The industry has not spent much of their time to date in thinking about these processes for two reasons: 1) this mixed wettability realization thing is pretty new and 2) the reservoir researchers have been biased to observing original oil entrapments (main pay zones) that are static environments and do not have an associated flow field. This latter reason is really a key point. If the by-product H2S is emitted into a static condition, it will reach a state of water concentration (~200 ppm) that inhibits further activity by the microbes. So the oil wetting process is effectively limited by the buildup of the by-product H2S. In our work we looked at the laterally water-swept residual oil zones and their continuing flow-fields that allowed the microbial processes to progress essentially unabated. This process explained some other puzzles including 300’ thick residual oil zones with nearly constant Sor values which stood in direct defiance of the alternative explanations of transition zones with their Sor values declining rapidly with depth.

Once this model was in our heads, we then looked back at the main pay zones and thought about the original oil entrapping process. That entrapment phase created a flow field for a while and would seem likely to allow a bit of the mixed-wetting to occur. Once the invading hydrocarbons occupied all the displaceable pore space, the process ceased and microbes went inactive. Such would not be case where a flow field could remain as in a laterally displacing paleo entrapment (Type 3) ROZ where the by-product H2S could escape.

So how does all this relate to sandstones? If the reservoir and reservoir fluids have the necessary electron donor and receptor atoms, we can easily visualize mixed wet conditions. In some sandstones we know there are clays present. The Red Fork sandstone in Oklahoma is a case in point. As mentioned earlier, carbonate cements, clay particles or even sulfate waters can provide all the key ingredients to the exercise the process. Iron oxide cements can also contribute a microbial component. Lab work has also shown arkosic sandstones that are often mixed-wet. All of these could be factors explaining anomalously high Sor and low Sow values seen in those oil reservoirs. The parallel sidebar diagenesis discussion here may center around the formation of late stage formation of authigenic clays.

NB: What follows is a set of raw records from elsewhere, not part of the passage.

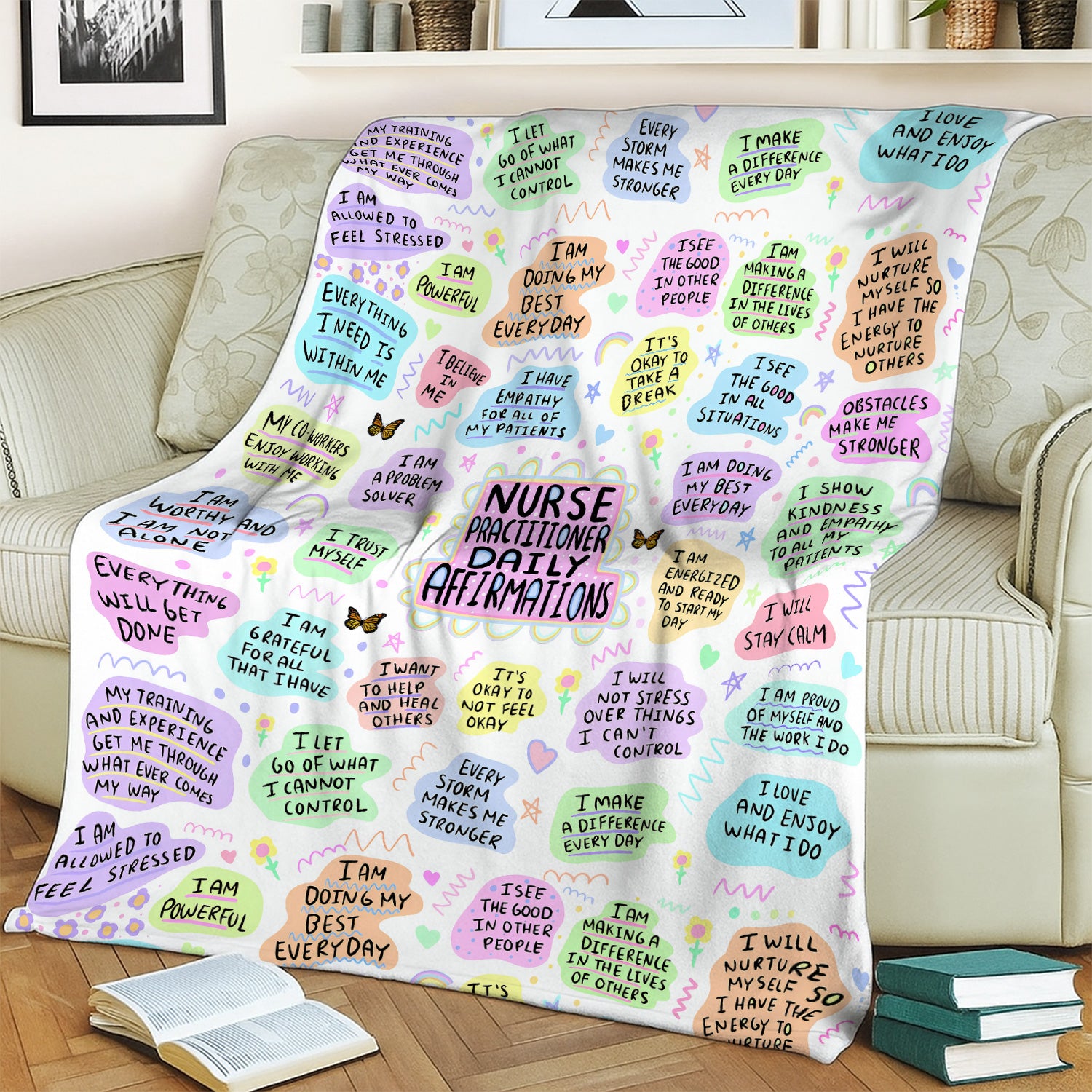 Cute Nurse Affirmation Blanket - Empowering Quotes Pastel Design - Uplifting Gift for Compassionate Nurses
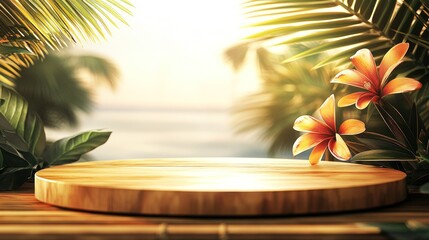 Obraz premium Wooden platform mockup in tropical setting with ocean view.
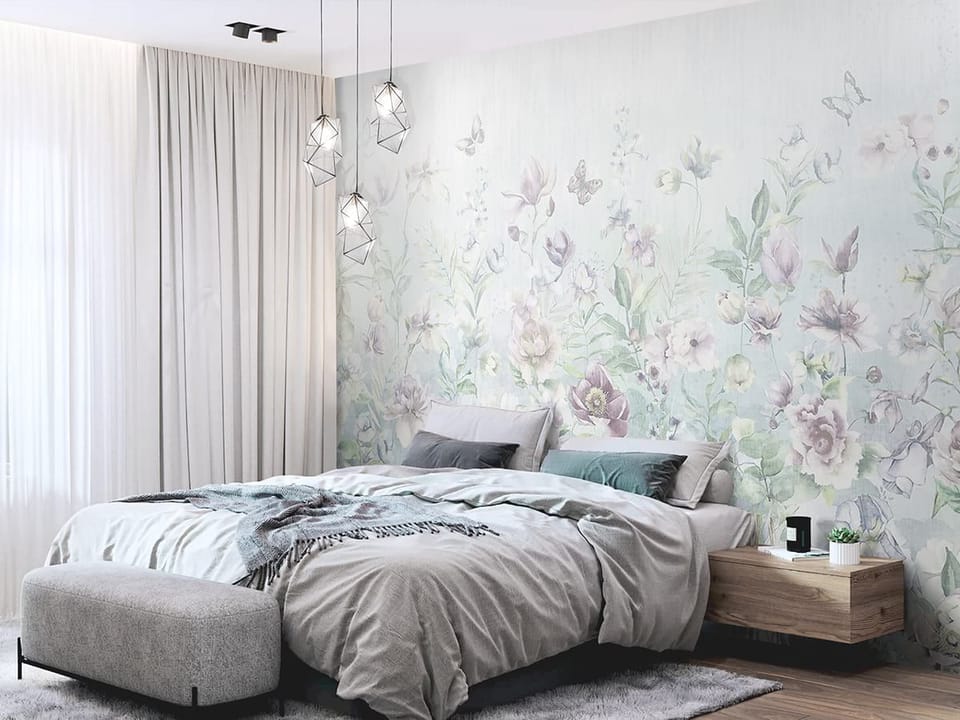 Fototapeta Kwiaty Polne w Pastelowych Kolorach we wnętrzu sypialni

We also now believe that, in a few carbonates, we very likely have a nearly fully oil wet system – at least in so far as the contactable (non-occluded) pore space is concerned. The San Andres ROZs in West Texas fit this category beautifully. The main pay zones, conversely, fit the mixed wet category – likely due to the microbial self-limiting (MSL) presence of by-product H2S and their lack of a flow field.

Why Spend Time Worrying These Issues?

One can argue understanding these wettability processes and the degree to which reservoirs have been oil wetted have been key questions for estimating mobile plus residual oil targets for many decades. Obtaining samples from cores and cuttings has helped but actual quantification has been very problematic. Both the drilling fluid forces and depressuring of samples from in-situ conditions plays havoc with the true Sor and Sow estimates. Pressure core, sponge core, core vault and efforts to reconstruct in-situ conditions in the lab are all techniques that have attempted to side-step part of the sampling problems. The industry has made much progress but we often gloss over the uncertainties we are left with. They still remain in many formations. Finally, and as an example, let’s take a look at a mature water flood. In the regions where the water has swept the mobile oil, what is the residual oil saturation left after the water flood (Sorw)? That is the important question as it is precisely the target oil left for enhanced oil recovery. If the residual oil left behind is low, a follow-on EOR project will likely be unsuccessful. But if the water was inefficient in moving as much of the oil as in a high Sor reservoir condition, the EOR project will have plenty of target oil to be successful. Thus, identifying mixed- and fully oil-wet reservoirs becomes a key ingredient in the screening criteria for an EOR project. We believe adding in the reservoir diagenesis and microbial “bolt-on” thinking about wettability is thereby paramount.